On Fri, 7 Jul 2023 14:55:33 -0700 Axel Rasmussen axelrasmussen@google.com wrote:
Future patches will re-use PTE_MARKER_SWAPIN_ERROR to implement UFFDIO_POISON, so make some various preparations for that:
First, rename it to just PTE_MARKER_POISONED. The "SWAPIN" can be confusing since we're going to re-use it for something not really related to swap. This can be particularly confusing for things like hugetlbfs, which doesn't support swap whatsoever. Also rename some various helper functions.
Next, fix pte marker copying for hugetlbfs. Previously, it would WARN on seeing a PTE_MARKER_SWAPIN_ERROR, since hugetlbfs doesn't support swap. But, since we're going to re-use it, we want it to go ahead and copy it just like non-hugetlbfs memory does today. Since the code to do this is more complicated now, pull it out into a helper which can be re-used in both places. While we're at it, also make it slightly more explicit in its handling of e.g. uffd wp markers.
For non-hugetlbfs page faults, instead of returning VM_FAULT_SIGBUS for an error entry, return VM_FAULT_HWPOISON. For most cases this change doesn't matter, e.g. a userspace program would receive a SIGBUS either way. But for UFFDIO_POISON, this change will let KVM guests get an MCE out of the box, instead of giving a SIGBUS to the hypervisor and requiring it to somehow inject an MCE.

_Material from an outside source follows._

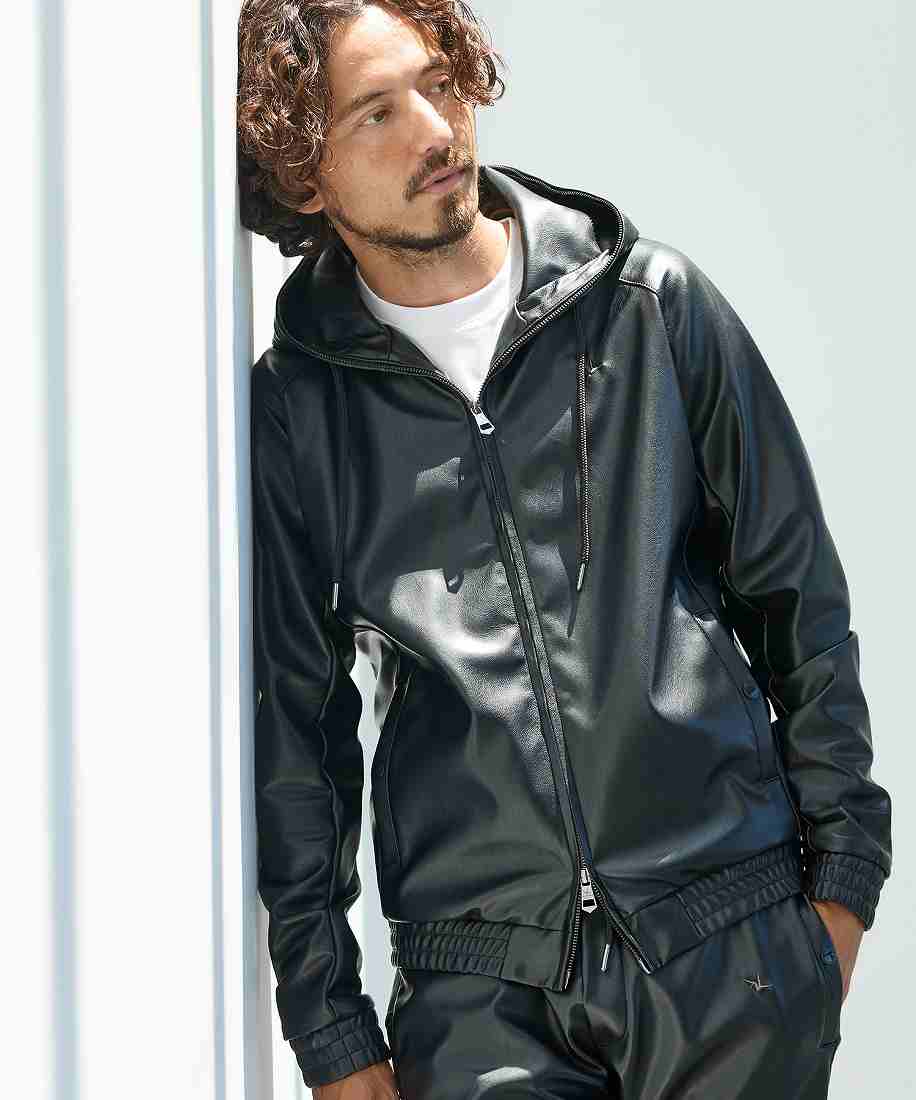 楽天市場】1PIU1UGUALE3 RELAX ストレッチレザーダブルライダース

Finally, for hugetlbfs faults, handle PTE_MARKER_POISONED, and return VM_FAULT_HWPOISON_LARGE in such cases. Note that this can't happen today because the lack of swap support means we'll never end up with such a PTE anyway, but this behavior will be needed once such entries *can* show up via UFFDIO_POISON.
--- a/include/linux/mm_inline.h +++ b/include/linux/mm_inline.h @@ -523,6 +523,25 @@ static inline bool mm_tlb_flush_nested(struct mm_struct *mm) return atomic_read(&mm->tlb_flush_pending) > 1; } +/*
- Computes the pte marker to copy from the given source entry into dst_vma.
- If no marker should be copied, returns 0.
- The caller should insert a new pte created with make_pte_marker().
- */
+static inline pte_marker copy_pte_marker(
swp_entry_t entry, struct vm_area_struct *dst_vma)
+{
- pte_marker srcm = pte_marker_get(entry);
- /* Always copy error entries. */
- pte_marker dstm = srcm & PTE_MARKER_POISONED;
- /* Only copy PTE markers if UFFD register matches. */
- if ((srcm & PTE_MARKER_UFFD_WP) && userfaultfd_wp(dst_vma))
dstm |= PTE_MARKER_UFFD_WP;
- return dstm;
+}
Breaks the build with CONFIG_MMU=n (arm allnoconfig). pte_marker isn't defined.
I'll slap #ifdef CONFIG_MMU around this function, but probably somethng more fine-grained could be used, like CONFIG_PTE_MARKER_UFFD_WP. Please consider.
btw, both copy_pte_marker() and pte_install_uffd_wp_if_needed() look far too large to justify inlining. Please review the desirability of this.